→ **Crawled caption data**:
"""

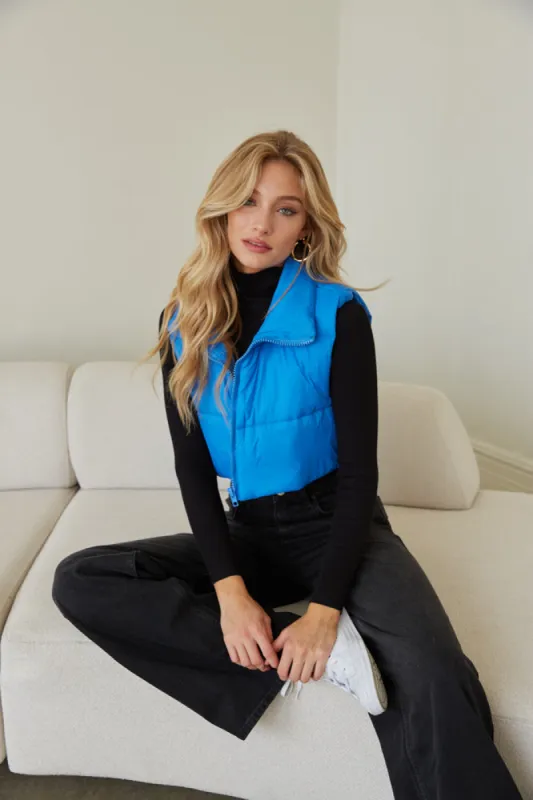 Elodie Cropped Puffer Vest - Sale sold by American Threads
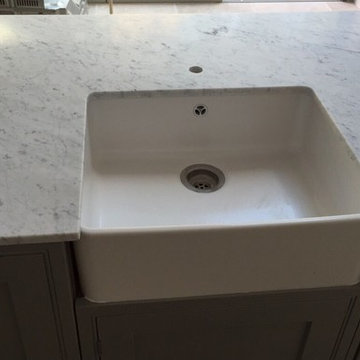 Hammersmith apartment in Bianco Carrara marble 20mm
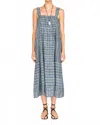 Mirth Monaco Midi Dress In Lagoon Minnow In Multi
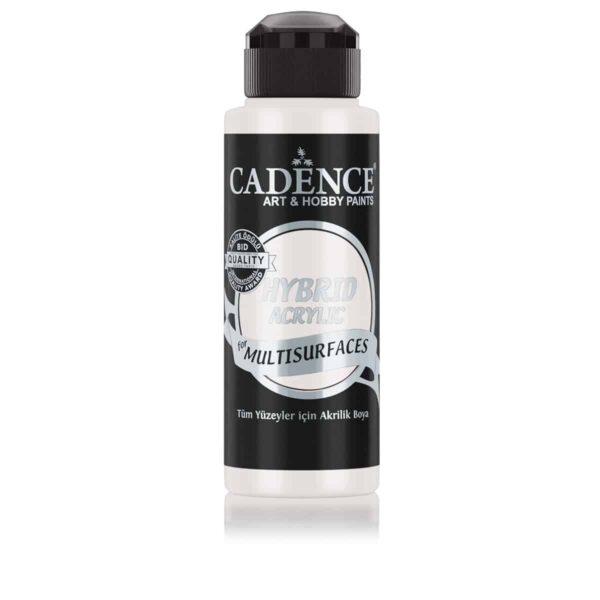 12542_image_5dee3c23c053524e.jpg Cadence Hybrid Acrylic for Multisurfaces Semi Matt - H-001 White, 70ml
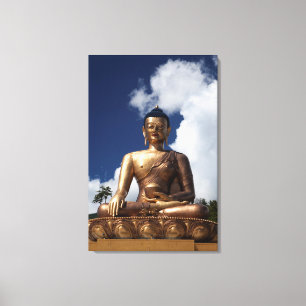 Zittend Boeddhabeeld Canvas Afdruk
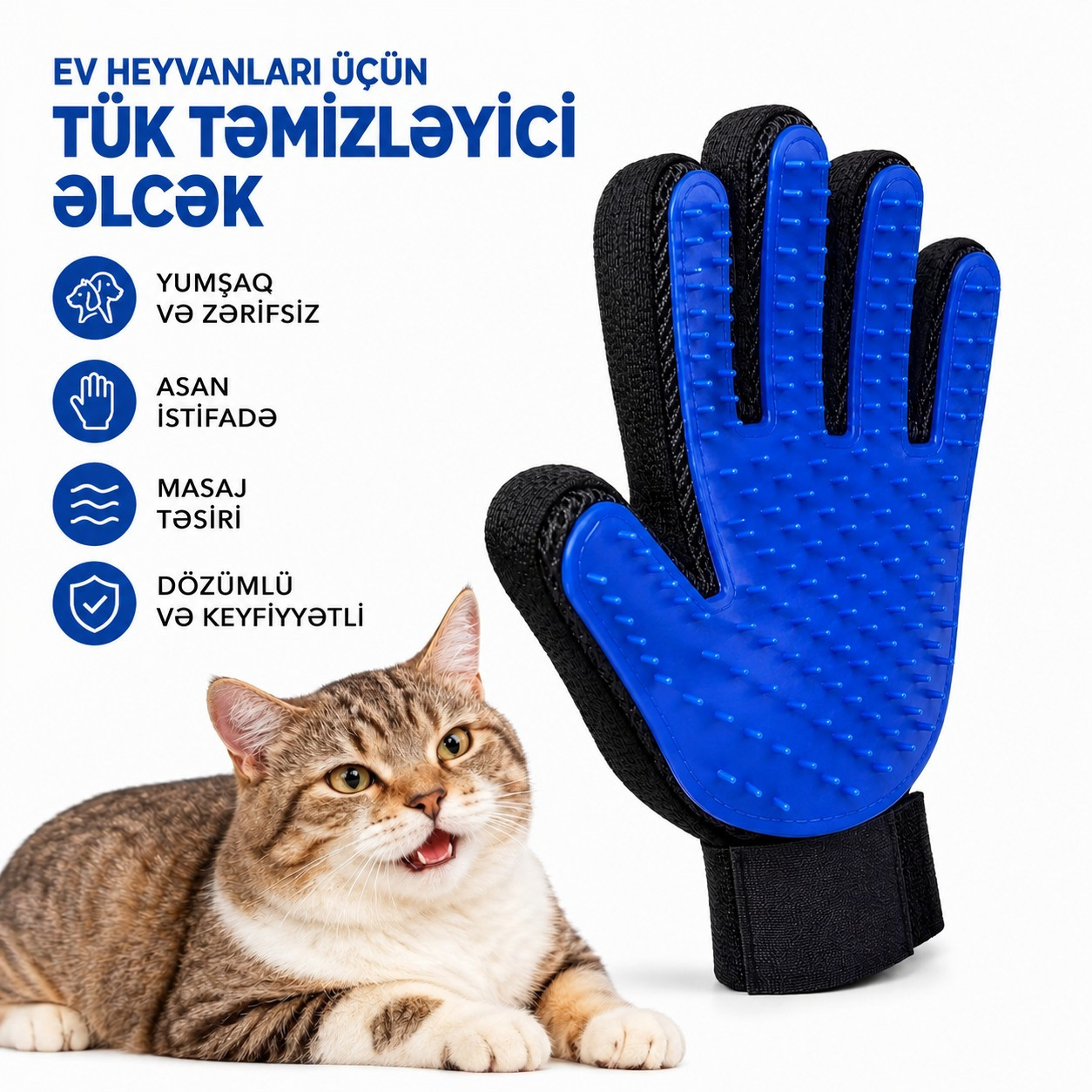 Saç və xəz təmizləmək üçün daraq 9011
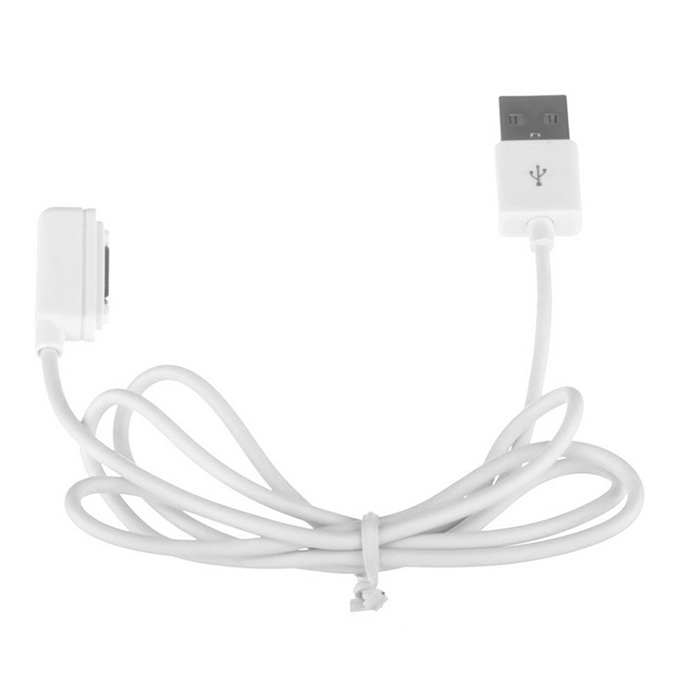 Magnetic Charger Adapter USB Cable for Sony L39h Xperia Z1 - White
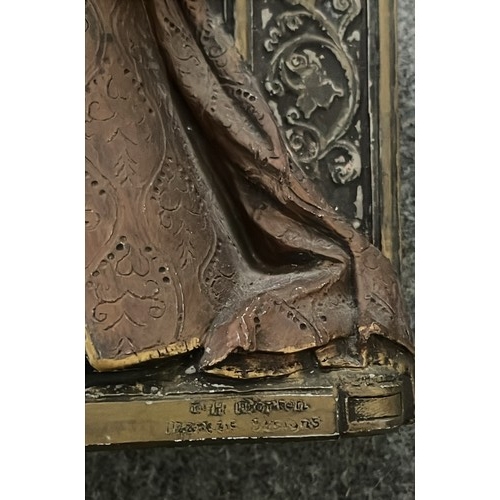 129A - MARCUS DESIGNS WALL PLAQUE OF KATHRINE OF ARAGON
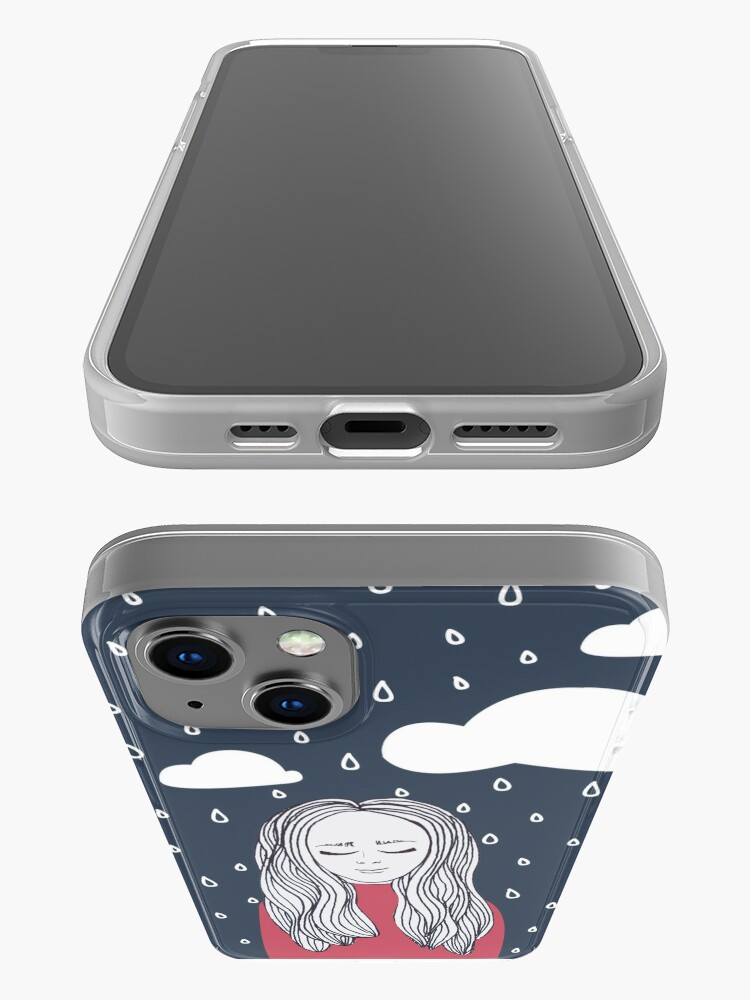 Alternate view of Happy girl in the rain iPhone Case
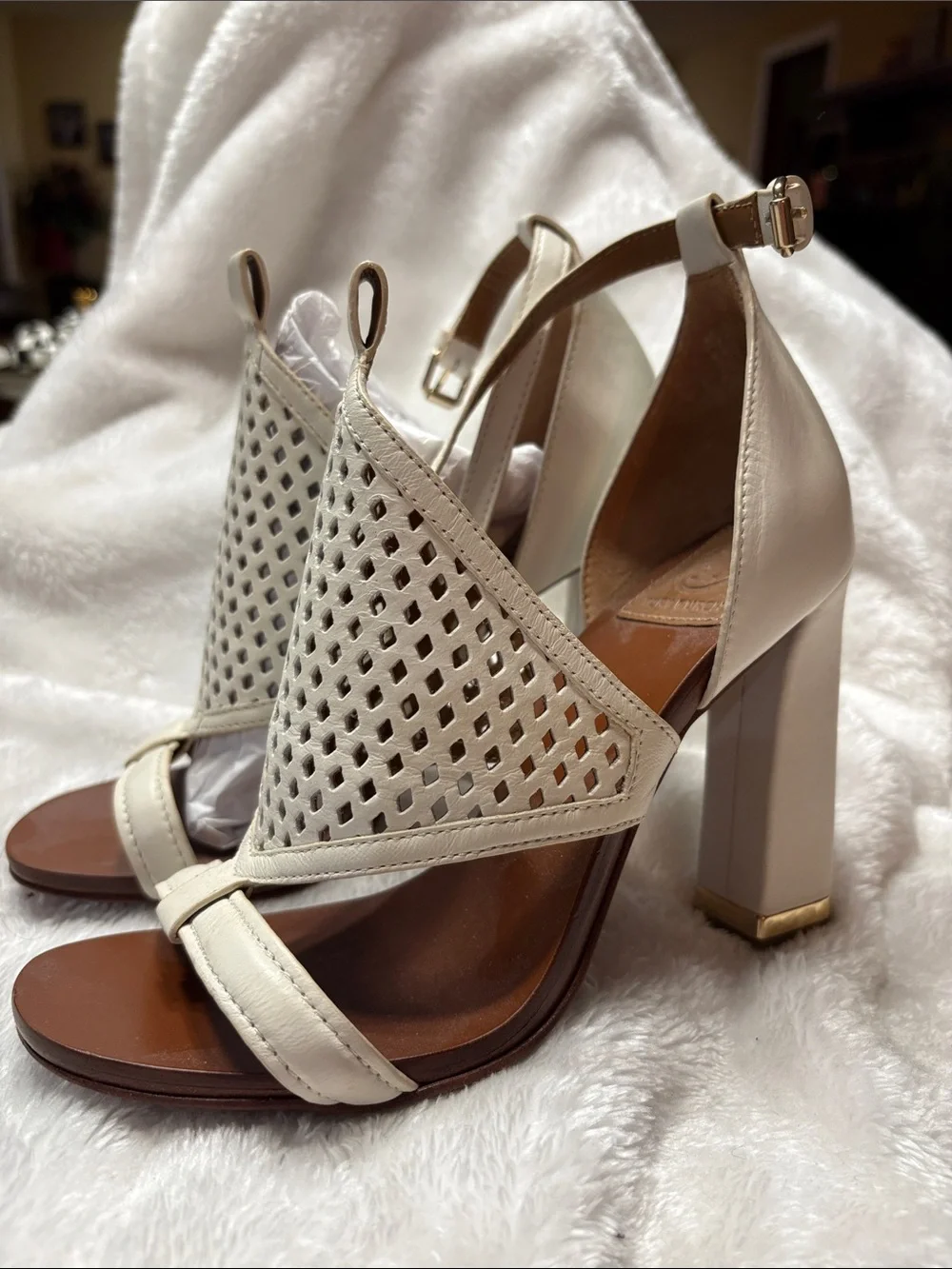 Tory Burch Perforated Block Heels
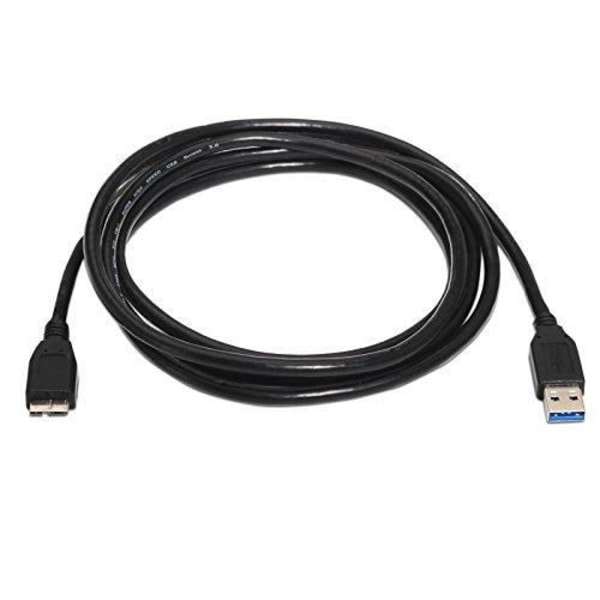 USB 3.0 kabel typ MicroUSB 3.0 flödande svart 1 meter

"""

→ **TO DO**:
Output each record verbatim, but skip anything that is a picture.

→ **SOLUTION FOR THIS PROBLEM**:
 Elodie Cropped Puffer Vest - Sale sold by American Threads
 Hammersmith apartment in Bianco Carrara marble 20mm
 Mirth Monaco Midi Dress In Lagoon Minnow In Multi
 12542_image_5dee3c23c053524e.jpg Cadence Hybrid Acrylic for Multisurfaces Semi Matt - H-001 White, 70ml
 Zittend Boeddhabeeld Canvas Afdruk
 Saç və xəz təmizləmək üçün daraq 9011
 Magnetic Charger Adapter USB Cable for Sony L39h Xperia Z1 - White
 129A - MARCUS DESIGNS WALL PLAQUE OF KATHRINE OF ARAGON
 Alternate view of Happy girl in the rain iPhone Case
 Tory Burch Perforated Block Heels
 USB 3.0 kabel typ MicroUSB 3.0 flödande svart 1 meter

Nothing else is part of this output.